Fundamental Automation Techniques

The following code snippets illustrate the techniques used in the sample application.

Setting Up

You can try the following techniques in any Visual Basic client application. Before beginning, there are a few things you need to do to set up your project for Word automation

  1. Add a project reference to the COM object Microsoft Word 12.0 Object Library.
  2. Import the Microsoft.Office.Interop namespace by adding the statement Imports Microsoft.Office.Interop to the top of any module, form, or class that contains Word automation code.
  3. If you are planning to use the Application or Document objects in multiple methods, you should consider defining application and document variables as member variables of the parent form or class so they don't go out of scope and your application won't lose its connection to Word.

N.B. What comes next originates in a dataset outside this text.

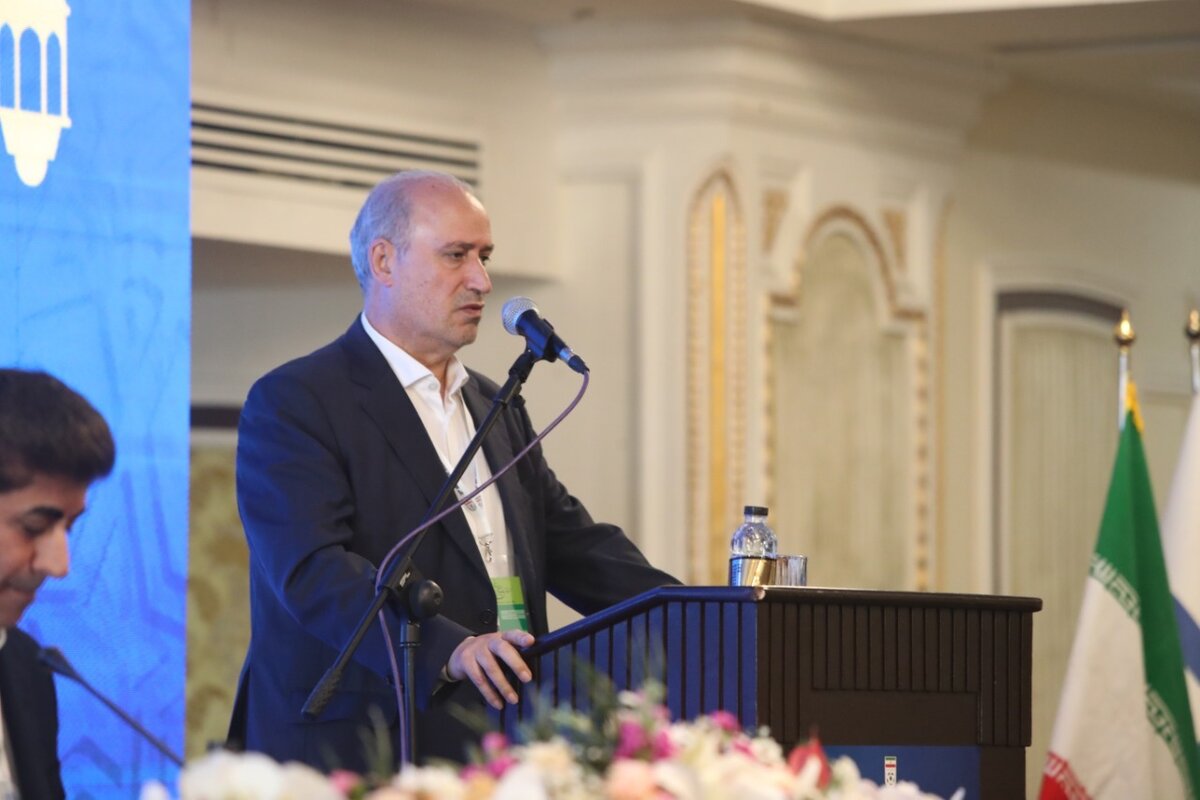 تاج: رئیس فدراسیون:مردم ما سلحشورند/باید به نیروهای مسلح دست مریزاد گفت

Starting and Quitting Word

To start Word, use the following code, which creates a Word.Application object and makes Word visible:

Private axWord As Word.Application
axWord = New Word.Application
axWord.Visible = True

To Quit word, use this code:

axWord.Quit

Creating and Opening documents

To create a new document, first start Word, then create a document using the Application.Documents.Add method:

Dim axDoc As Word.Document
axDoc = axWord.Documents.Add

To open a document, use the Application.Documents.Open method:

Dim axDoc As Word.Document
axDoc = axWord.Documents.Open("c:\MyDocument.docx")

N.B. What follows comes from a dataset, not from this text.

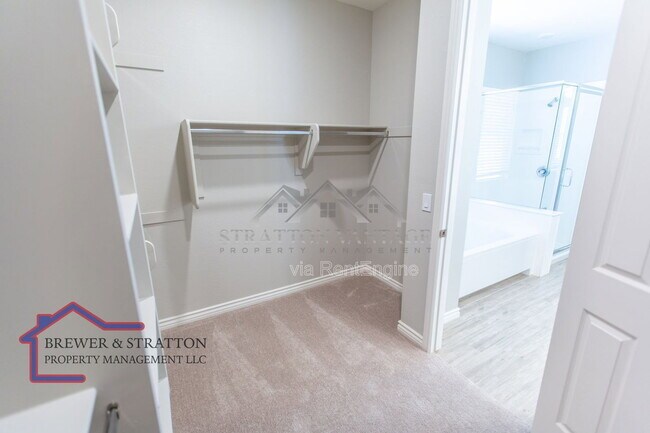 Building Photo - 15243 W Latham St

To save a document, use the Document.SaveAs method:

axDoc.SaveAs("C:\MyDocument.docx")

Reading and Inserting Text

When automating Word, you will often find multiple methods to do the same thing. Reading and inserting text is a good example of this. You can read and insert text using a number of different objects, however the most commonly used objects are the Paragraph and Selection objects. We'll look at the paragraph object first.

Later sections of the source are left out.